Then broader strategically, how do we do this if we find ourselves against even a more formidable foe? At the end of the day, it’s an interesting situation, because a lot of our precision-guided munitions and capabilities that we have are not things you can stockpile forever. They do have shelf lives that do affect their reliability rates. So when you get to some of the less precision weapons, or dumb weapons, or basic bomb bodies, or artillery shells, you can build those and stockpile them all you want, but when you get to your precision type of weapons, you can’t just build over time, over many different budget cycles, and store them up for a time of conflict and expect that they’re going to all work the way that you need them to. So how do you have industry respond and be able to generate the type of capabilities that you need when you’re in those circumstances? This is something that’s getting a lot of attention right now.
Jonathan Ruhe:
Thank you. So, General Norkin, to ask the Israeli version of that, because it’s relevant to a lot of discussions about looming conflict with Iran. We’ve heard since the June war, but also even before it, in light of some of Israel’s lessons since the 7th of October, calls for Israel to become as independent as possible, in terms of munitions production, supply chains, things like that. In the current context, how do you view Israel’s situation here, in terms of its ability to fight? I know you said we should not plan for a long war, but in general, given that Israel has only finite interceptors, how this drive for more independence going in the context of the current tensions.

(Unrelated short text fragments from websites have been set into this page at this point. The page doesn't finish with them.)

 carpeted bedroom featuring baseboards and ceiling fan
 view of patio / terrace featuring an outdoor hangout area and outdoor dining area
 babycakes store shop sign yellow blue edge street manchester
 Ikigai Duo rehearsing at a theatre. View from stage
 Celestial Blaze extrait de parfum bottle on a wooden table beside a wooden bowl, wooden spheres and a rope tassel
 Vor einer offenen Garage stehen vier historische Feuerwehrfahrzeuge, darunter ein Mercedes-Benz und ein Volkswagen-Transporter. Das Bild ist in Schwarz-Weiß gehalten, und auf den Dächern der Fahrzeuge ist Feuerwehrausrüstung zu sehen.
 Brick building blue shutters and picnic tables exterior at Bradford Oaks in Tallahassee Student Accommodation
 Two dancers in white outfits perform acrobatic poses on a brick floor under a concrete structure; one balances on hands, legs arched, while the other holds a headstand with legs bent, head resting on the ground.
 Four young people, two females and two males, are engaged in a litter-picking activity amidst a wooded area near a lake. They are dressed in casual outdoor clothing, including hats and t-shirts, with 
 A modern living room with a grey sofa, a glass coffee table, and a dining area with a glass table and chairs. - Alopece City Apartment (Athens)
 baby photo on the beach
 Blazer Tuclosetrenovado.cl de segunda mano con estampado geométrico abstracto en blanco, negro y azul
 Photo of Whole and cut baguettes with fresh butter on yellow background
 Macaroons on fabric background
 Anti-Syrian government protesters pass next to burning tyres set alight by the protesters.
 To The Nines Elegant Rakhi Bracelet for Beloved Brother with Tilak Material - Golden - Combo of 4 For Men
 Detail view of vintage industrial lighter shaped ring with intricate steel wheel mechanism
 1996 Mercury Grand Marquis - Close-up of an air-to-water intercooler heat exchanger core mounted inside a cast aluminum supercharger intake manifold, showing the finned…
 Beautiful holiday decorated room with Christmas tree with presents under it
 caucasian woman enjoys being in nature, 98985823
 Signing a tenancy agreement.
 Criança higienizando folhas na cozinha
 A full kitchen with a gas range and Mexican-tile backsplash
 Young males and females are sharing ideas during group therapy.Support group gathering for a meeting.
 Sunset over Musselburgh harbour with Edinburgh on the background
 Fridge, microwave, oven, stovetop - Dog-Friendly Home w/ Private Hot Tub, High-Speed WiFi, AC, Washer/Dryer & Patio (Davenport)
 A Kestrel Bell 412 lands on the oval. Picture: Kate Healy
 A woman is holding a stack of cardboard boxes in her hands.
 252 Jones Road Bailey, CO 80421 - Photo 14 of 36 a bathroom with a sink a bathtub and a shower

IDF MG (ret.) Amikam Norkin:
In the last two and a half years, we used ammunition like we never planned, but we are still fighting. So as General Moore mentioned, you need to have the basic capabilities in a very big storage. It’s not just the storage, but also the capacity of the production line and the contracts that might be better or more wise contracts with the companies that can provide you the ammunition that you need in conflict or in emergency time. Much earlier on, we learned those lessons and we shared them with our friends from the American military. I think that today we have a better understanding how to build our ammunition and operational capabilities and for the future conflicts.
Still, it takes time to produce, to buy and to develop, and to take all those lessons into your working plan. It’s become part of our routine, every time that we move forward since October 7th. Once we took the decision to move to a full-scale war with Hezbollah. The amount of ammunition was on the table. Once we decided to open the 12-Day War, the ammunition amount was on the table. So, now it’s part of the many other power methods that the commanders should be aware of.
Jonathan Ruhe:
Thank you. So I want to shoehorn in one quick question from the audience before I ask the final question to our panelists. Particularly in the context of the F-22, we started out at the start of the webinar talking about some of its capabilities, especially it’s a stealth fifth generation combat aircraft. Generals Guastella and Moore, I’ll ask you; to what extent do you think Iran has anti-aircraft capabilities? Are the F-22 a unique capability in terms of dealing with potential anti-aircraft air defense threats from Iran? General Guastella, I’ll ask you to address that first.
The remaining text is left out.